The Hagberg is a hill, , in the county of Ostalbkreis in the German state of Baden-Württemberg. It is the second highest point of the Swabian-Franconian Forest, a natural region and forested hill range in the northeast of the state. In former times the Hagberg (as e. g. the Asperg and the Hesselberg) formed part of the border between the Swabians and Franks.

== Location ==
The Hagberg lies 2.4 km (as the crow flies) west of the municipality of Gschwend in the Welzheim Forest.

== Observation tower ==
The Hagberg Tower (Hagbergturm) is a 23-metre-high observation tower on the Hagberg that is constructed of wood on a reinforced concrete pedestal. It is crowned by two pagoda-like structures and is visible for miles around. A first tower was erected on the hill in 1901, but even before the First World War it had been replaced by the tower in its present form. In 1936 it was acquired by the Schwäbischer Albverein, which still maintains it today. During the Second World War the Luftwaffe established an observation post in the tower. At that time the upper pagoda was removed. In 1949 the tower was renovated, in 1973 it had to be closed, however, due to its state of disrepair. In 1979/80 it was rebuilt in its original shape and opened again on 21 June 1980.

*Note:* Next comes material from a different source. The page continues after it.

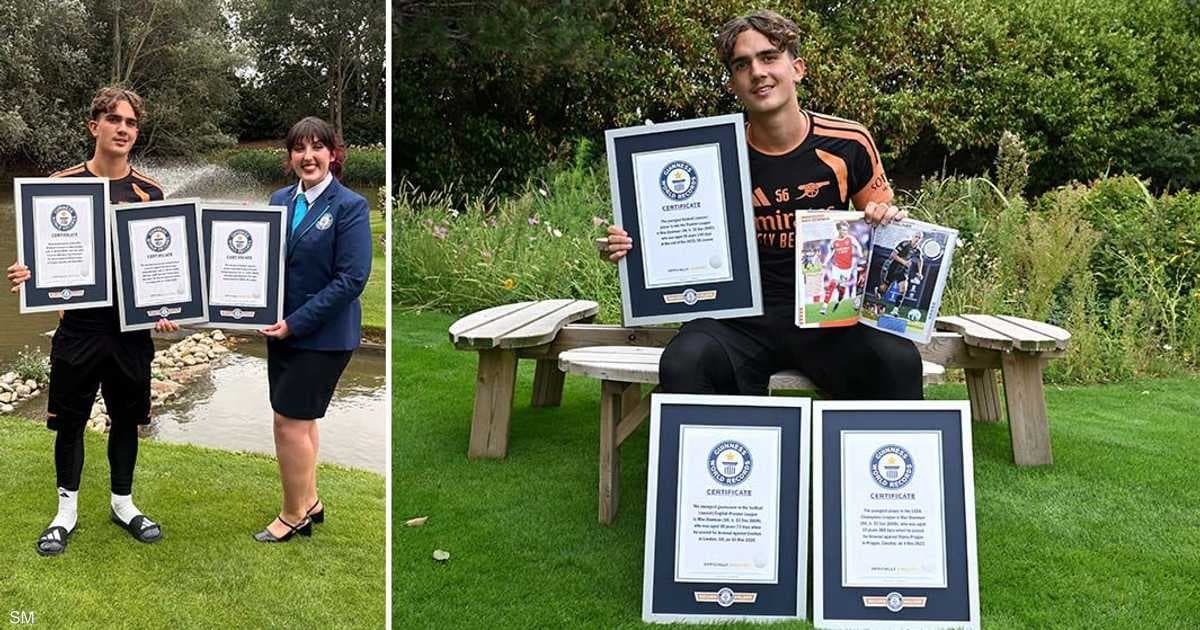Arsenal teen sets three world records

From the two observation platforms there are views in good weather as far as Stuttgart, Heilbronn, Crailsheim and Aalen. From Easter to the end of October the Hagberg Tower is open on Sundays and holidays. On other days it may be opened on request to Gschwend Branch of the Jura Club. 500 metres away is a car park. The tower also acts as the starting point for walks in the densely forested region around Gschwend.